Disrupting atherosclerotic plaque formation via the "qi meridian-blood channel": mechanism of Jiangzhi Huaban Decoction for regulating hepatic reverse cholesterol transport to improve atherosclerosis.
10.12122/j.issn.1673-4254.2025.09.02
- Author:
Hongyang WANG
1
;
Wenyi ZHU
1
;
Xushen CHEN
1
;
Tong ZHANG
1
;
Zhiwei CAO
2
;
Jin WANG
2
;
Bo XIE
2
;
Qiang LIU
3
;
Xuefeng REN
1
Author Information
1. School of Public Health, Zhejiang Chinese Medical University, Hangzhou 310053, China.
2. Zhejiang Chinese Medical University-Suzhou Chongsheng Medicine Joint Laboratory, Hangzhou 310053, China.
3. Zhejiang Provincial Hospital of Traditional Chinese Medicine, Hangzhou 310053, China.
- Publication Type:Journal Article
- Keywords:
Jiangzhi Huaban Decoction;
atherosclerosis;
qi meridian-blood channels;
reverse cholesterol transport;
vascular cell adhesion molecules
- MeSH:
Animals;
Drugs, Chinese Herbal/therapeutic use*;
Mice, Inbred C57BL;
Plaque, Atherosclerotic/metabolism*;
Liver/metabolism*;
Mice;
Atherosclerosis/metabolism*;
Cholesterol/metabolism*;
PPAR gamma/metabolism*;
Male;
Diet, High-Fat;
Biological Transport
- From:
Journal of Southern Medical University
2025;45(9):1818-1829
- CountryChina
- Language:Chinese
-
Abstract:
OBJECTIVES:To explore the molecular mechanism of Jiangzhi Huaban Decoction (JZHBD) for improving atherosclerosis through the "qi meridian-blood channels" pathway.
METHODS:ApoE-/- mouse models of atherosclerosis were established by high-fat diet feeding for 8 weeks, with C57BL/6 mice on a normal diet as the controls.

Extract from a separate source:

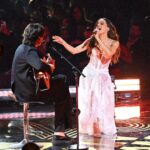 ¡Los Latin Grammys 2024 Nos Dieron Todo! Aquí Lo Más Épico de la Noche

Forty ApoE-/- mouse models were randomized into model group, low-, medium-, and high-dose JZHBD treatment groups, and atorvastatin treatment group (n=8) for their respective treatments for 8 weeks. The changes in body weight and overall condition of the mice were monitored weekly. After the treatments, serum levels of TC, TG, HDL-C, LDL-C, TBA, ALT, and AST of the mice were measured, pathological changes in the liver and aortic root plaques were examined with HE staining, and lipid accumulation in the liver and aortic wall was assessed using Oil Red O staining. The core molecular mechanism was studied through transcriptomics, and the expressions of the key pathway proteins were confirmed using Western blotting and immunohistochemistry.

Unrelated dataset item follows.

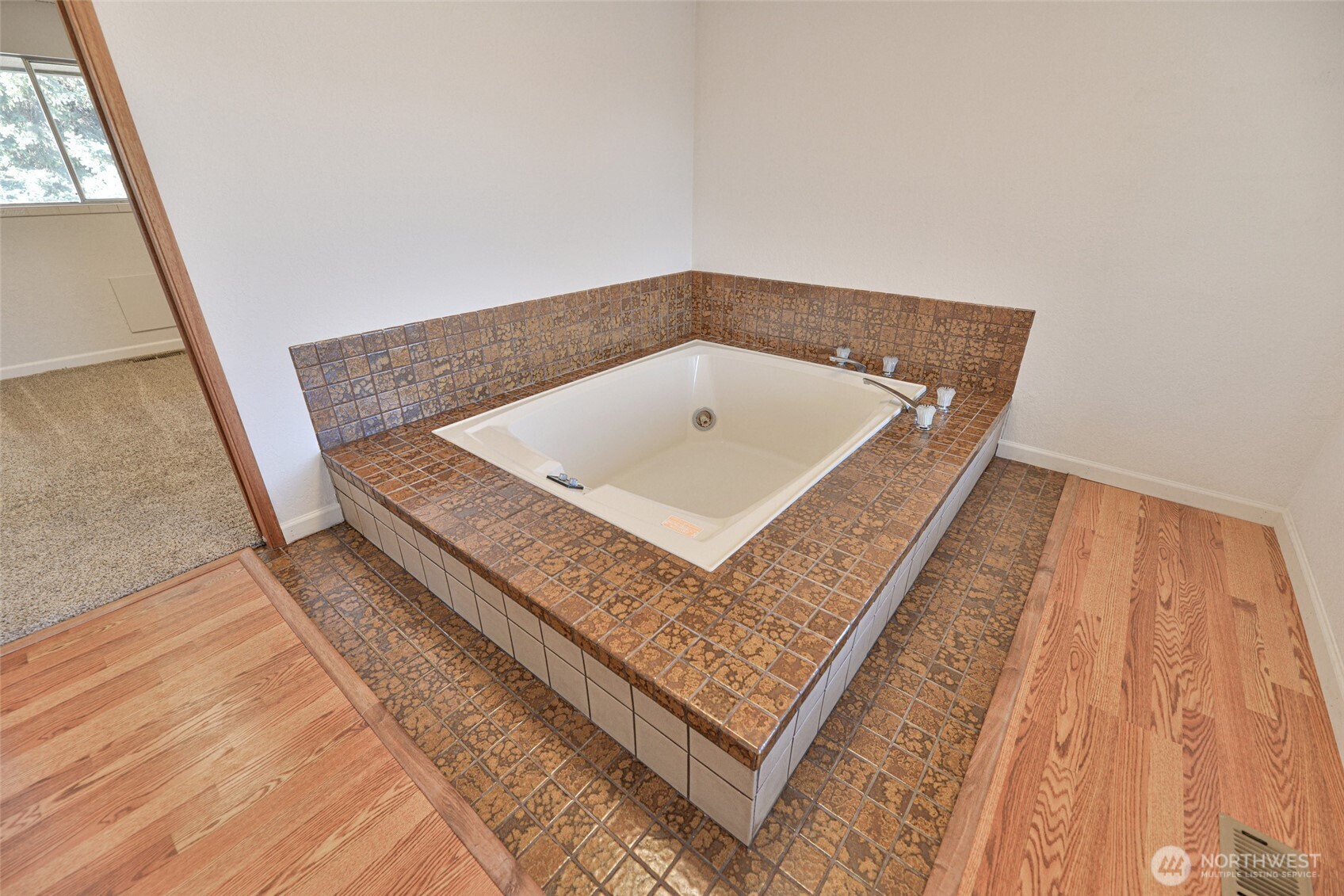 91 Wilson Road Property Photo 17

RESULTS:Treatment with JZHBD significantly reduced blood lipid and total bile acid levels, improved liver function and hepatic steatosis, and decreased aortic lipid deposition and plaque area in the mouse models of atherosclerosis. Transcriptomic analysis suggested that the therapeutic mechanism of JZHBD involved reverse cholesterol transport, PPAR signaling, and the inflammatory pathways. In atherosclerotic mice, JZHBD treatment obviously up-regulated hepatic expressions of PPARγ, LXRα, ABCA1, ABCG1, and CYP7A1, down-regulated hepatic expressions of p-p65/p65, IL-6, IL1β in the liver, increased ABCG5 and ABCG8 expressions in the intestines, and decreased ICAM-1 and VCAM-1 expressions in the aortic plaques.
CONCLUSIONS:JZHBD improves atherosclerotic vascular damage and plaque formation possibly by regulating hepatic reverse cholesterol transport and inflammation via modulating the hepatic PPARγ/LXRα/NF-κB signaling pathway.